A group of my friends and I decided to take a cruise to Progresso and Cozumel, Mexico this spring break. When we first boarded, I was extremely excited, and decided to explore every corner of the ship. Everything seemed to be exactly the way it was in any urban area—restaurants, shops, casinos, nightclubs, lounges, etc. However, there was one major detail that made the whole experience different from anything else I had experienced. Once I stepped out onto the deck and looked over the rails, all I could see was open ocean, no land in sight. I began to think about our discussions of wilderness in class; how wilderness is a vast area in which humans are unable to survive without the necessary skills. Based on this definition I concluded that what I was seeing was indeed wilderness, and that the only way I was experiencing this was by means of human technology. In other words, I was able to experience this beautiful “natural” world only by standing on the “synthetic” world—a cruise ship engineered and built by humans. This struck me, because although I was seeing wilderness, I was not exactly surrounded by or “in” wilderness. Instead, I was doing exactly what most people do everyday; I was completely surrounded by a synthetic, human world, only seeing a glimpse of what wilderness really is.

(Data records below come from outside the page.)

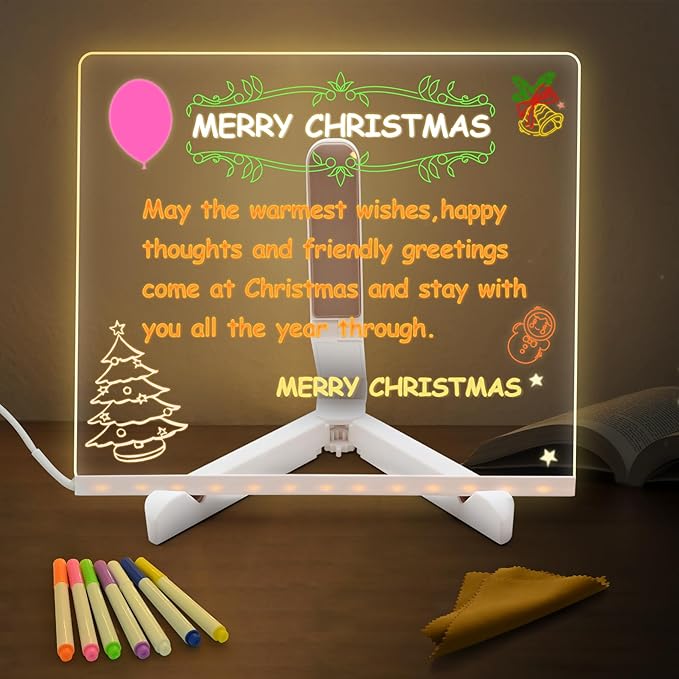 Magic Glow Drawing Pad for Kids – LED Light Writing Board with 12 Color Pens, Reusable Art &amp; Learning Toy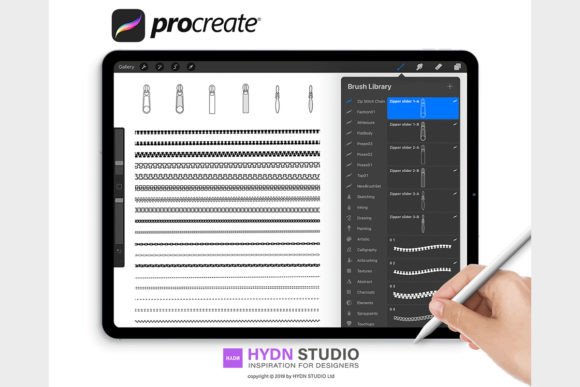 Elevating Digital Fashion Design with the Zip Chain Stitch Brush Set for Procreate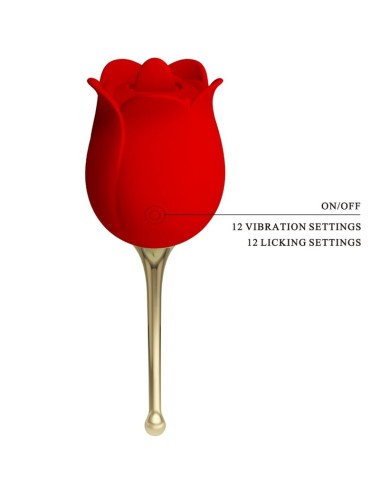PRETTY LOVE - ROSE LOVER STIMULATEUR DE CLITORIS ROSE 12 VIBRATIONS ROUGE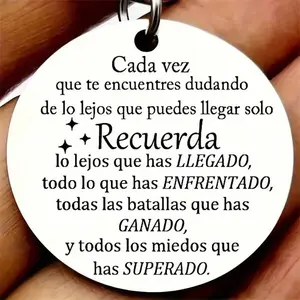 1pc Silver-Color Round Shaped Spain Pendant Keychain For Men & Women, Stainless Steel Car Key Decoration Gift Souvenir Car Accessories Bag Charm School Letter Cute Goth Y2k,Suitable for Birthdays, Mother'S Day, Christmas, Valentine'S Day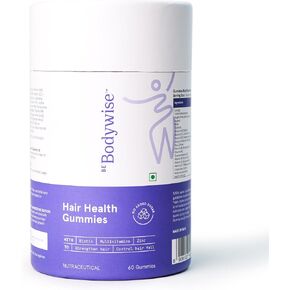 Bodywise Biotin Hair Gummies | Individually Wrapped | Biotin Supplement | Formulated for Women | Vegan, No Added Sugar | 1 Month Pack in Saudi Arabia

When we arrived at Cozumel, we had the opportunity to snorkel along the beach with tour guides. As we began to snorkel, I noticed an artificial (human made) reef, surrounded by hundreds of beautifully colored fish. Once again I recognized a paradigm between the two worlds—natural world and synthetic world. Here I was, along with about 75 other people, surrounded by the “natural” world—open water, fish, stingrays, sea urchins, and other marine organisms—but the “synthetic” world—the artificial reefs, the food the guides were feeding the fish, the fact that there were 100 people simultaneously snorkeling in the area—was unavoidable. The two worlds, as in the example above, were intermeshed; I was unable to experience the “natural” world without the interference of the “synthetic” world. This is a struggle I feel that humans have daily, we are unable to experience the true beauty and awe of nature because we are unable to escape the synthetic parts of our lives.

Down in the Bayou

Over the break I did the bayou immersion trip and it was definitely what it said it was. I immersed myself in the culture of the southern region of Louisiana down to the evidence of a trillion mosquito bites all over my body. But, the difference I found between the synthetic world and the natural world was definitely more profound on that trip than usual. By day I was in the fields planting and learning about the earth and its natural beauty disappearing, and at night I was popping movie theater butter popcorn watching Pirates of the Carribean. Such a drastic change from the normal land ethic of New Orleans where we do not respect and embrace the natural world and try to preserve it as much as southern Louisiana. I believe it is due to the fact that their land i.e. what they live on, is washing away directly in front of their eyes versus the neworleanians who are most likely thinking about how they’re going to get jazz fest tickets. It so much easier to immerse yourself when you’re right there in it than to embrace it back in the comfort of our air conditioned houses/dorms. What I took away from this trip is the knowledge to educate others on costal restoration and the fight we have against the disappearing coastline and barrier beaches.